• PROBLEM TO WORK ON
Beginning with the line that holds "PT950 1.5ct オーダーメイドダイヤリング" and ending with the last line below, repeat each line exactly, leaving any pictures out.

• PROVIDED MATERIAL
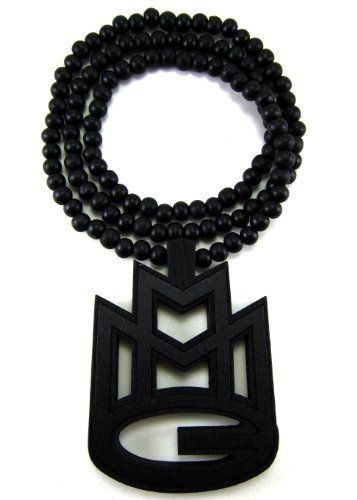 Large Wooden Rick Ross MMG Black Good Quality Wood Pendant & Chain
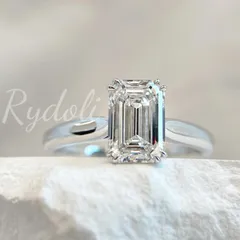 PT950 1.5ct オーダーメイドダイヤリング ラボグロウンダイヤモンド IGI鑑定書付き エメラルドカット LGD結婚指輪 誕生日記念日プレゼント 上品に輝くラボダイヤリング シンプル＆エレガント 透明感あふれる輝き 上質なプラチナ製 一粒石ダイヤリング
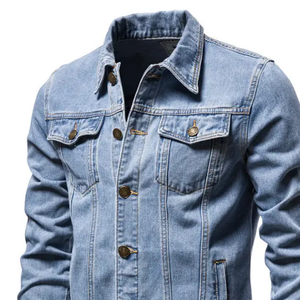 Chaqueta Vaquera Azul Retro para Hombre y Mujer, con Botones al Frente, Estilo Clásico Trucker, Informal, de Algodón Transpirable, Ligera, para Uso Diario, Estilo Urbano Informal - Product Image 4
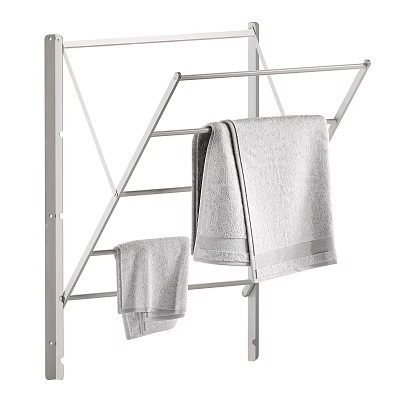 Silver Clothes Drying Rack With Gray Towels Including Large And Small Sizes 3d model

• YOUR SOLUTION
 PT950 1.5ct オーダーメイドダイヤリング ラボグロウンダイヤモンド IGI鑑定書付き エメラルドカット LGD結婚指輪 誕生日記念日プレゼント 上品に輝くラボダイヤリング シンプル＆エレガント 透明感あふれる輝き 上質なプラチナ製 一粒石ダイヤリング
 Chaqueta Vaquera Azul Retro para Hombre y Mujer, con Botones al Frente, Estilo Clásico Trucker, Informal, de Algodón Transpirable, Ligera, para Uso Diario, Estilo Urbano Informal - Product Image 4
 Silver Clothes Drying Rack With Gray Towels Including Large And Small Sizes 3d model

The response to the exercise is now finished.